Manufacturers have been collecting data for years, but today too many firms use it only retrospectively. To monitor KPIs, they tend to pull together data from a given period and apply statistical models that measure performance in a siloed manner. AI, in contrast, is self-learning based on the data it is fed. It transcends the limitations of manmade statistical models, deriving new insights from context, patterns, industry standards, and, importantly, input from multiple manufacturing processes, to note associated risks and suggest potential actions.
For companies that struggle to document machine and process faults year after year, the opportunity to improve is vast. For those who suspect sensor information can be unreliable, the possibilities to improve are great.
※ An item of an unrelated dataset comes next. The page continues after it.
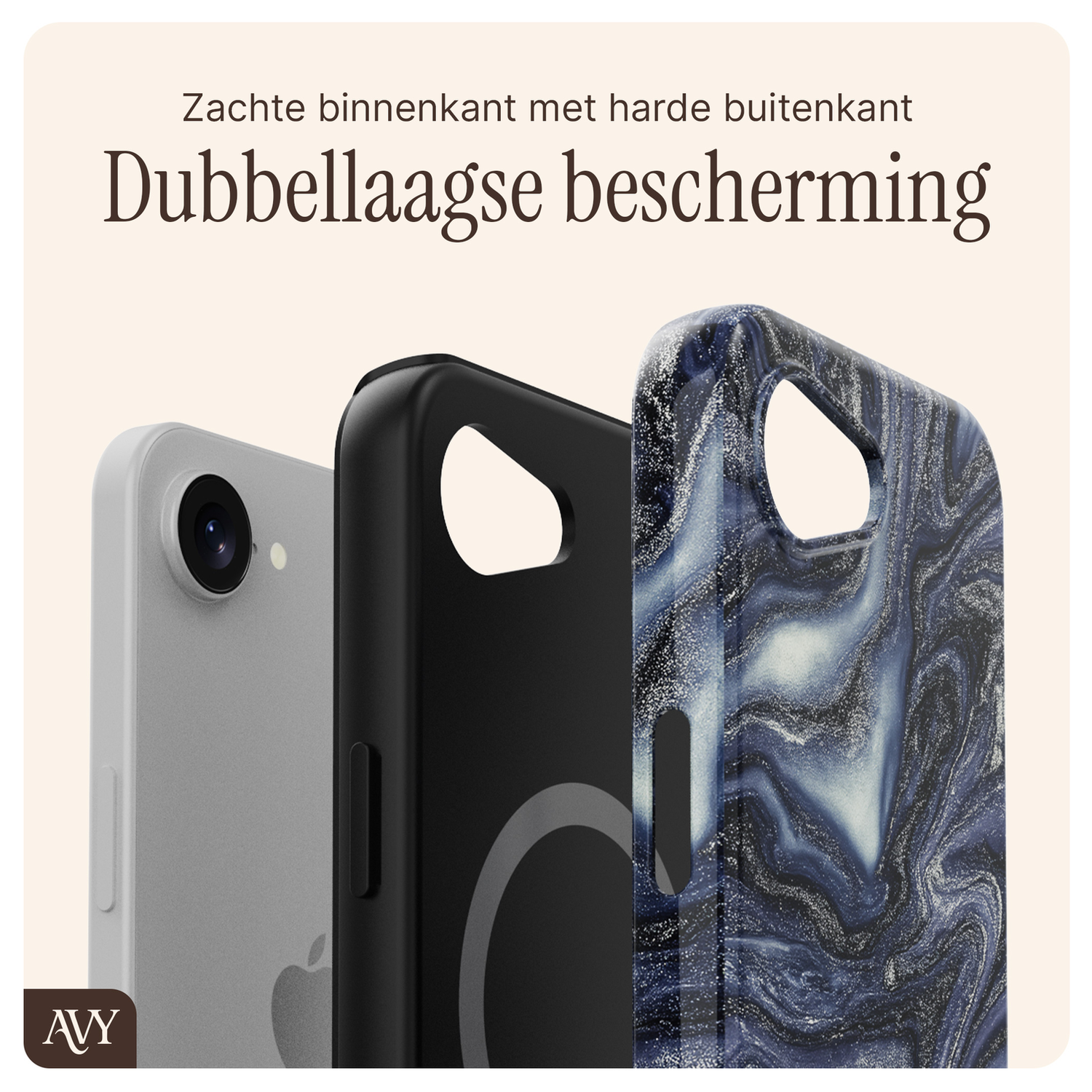 AVY Apple iPhone 16e MagSafe Hoesje met Koord 30CM Marmer Hearts afbeelding 8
For manufacturers who have always dreamed of combining the swim lanes of machine and process condition data into one meaningful advisory, the benefits are transformational.
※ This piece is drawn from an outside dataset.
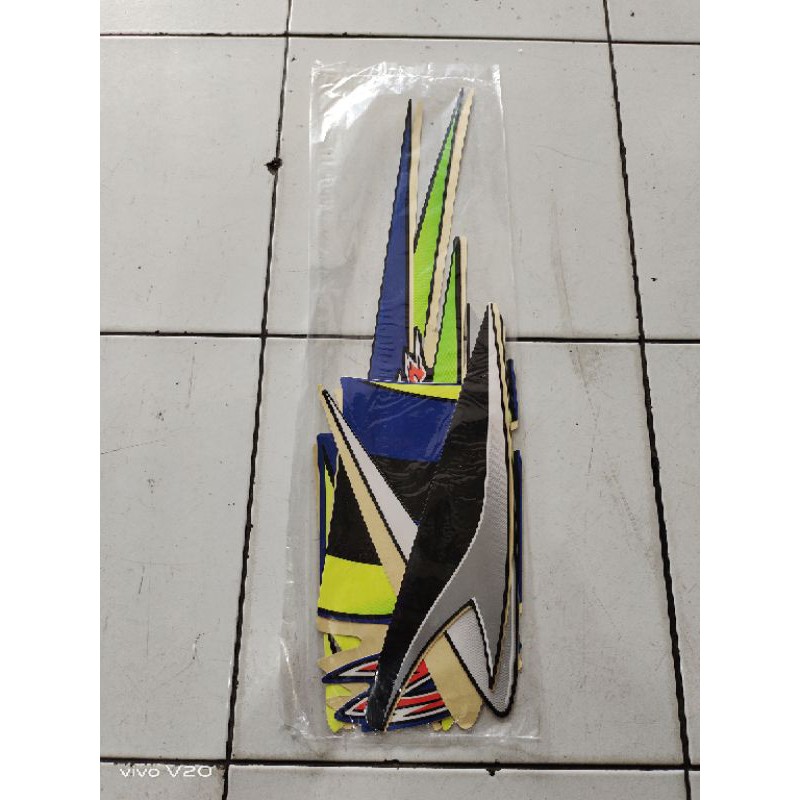 striping satria hiu biru hitam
What to look for in a KPI system driven by AI
The best AI-driven KPI systems contain both a middle manager’s tool to manage plant operations with actionable insight in advance (e.g., prediction and forecasting) as well as a CEO or business unit’s tool to manage profitability and the manufacturer’s carbon footprint. The systems transform OEE dashboards from backward-looking records or past performance into business planning tools enabling faster responses to constantly changing internal and external events while keeping tabs on metrics like plant capacity and commodity prices.
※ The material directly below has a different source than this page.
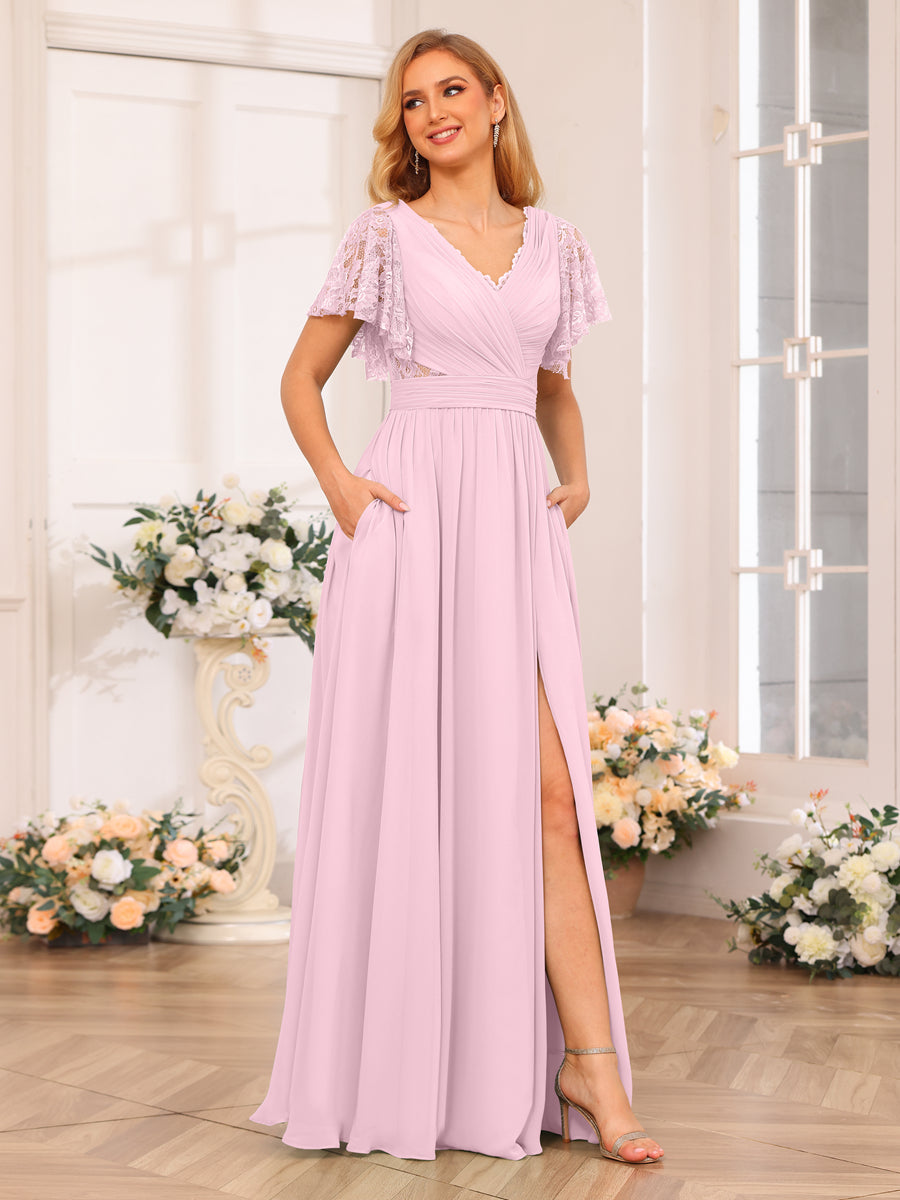 A-Line/Princess V-Neck Long Wedding Party Dresses with Split Side & Pockets Pink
Traditional OEE systems only relate a plant’s performance at a given point in time. They can tell factory managers what went wrong. They don’t provide much help in improving systems to avoid stoppages, breakdowns, and other setbacks, however. AI, in contrast, uses predictive modeling to analyze throughput in real time and suggest changes like, say, adding an extra shift one night a week to make up for slowdowns but still make production deadlines on time.
AI is a game-changer for anomaly detection, auto-identification of operating regime changes in production systems, and forecasting using deep learning algorithms on the next possible outcomes and the level of risk in achieving a plant or company’s goals. Companies that use solutions deploying it can transform their businesses, especially since generative AI can easily translate industrial data into digestible text, graphs, charts, and images for people on the shop floor.
Production managers who traditionally plan out product runs, from obtaining the necessary materials and other resources to meeting customer deadlines and other challenges, operate on razor-thin margins in part because their data has been backward-looking. AI lets them make decisions in real time as they measure their KPIs to help drive significant growth.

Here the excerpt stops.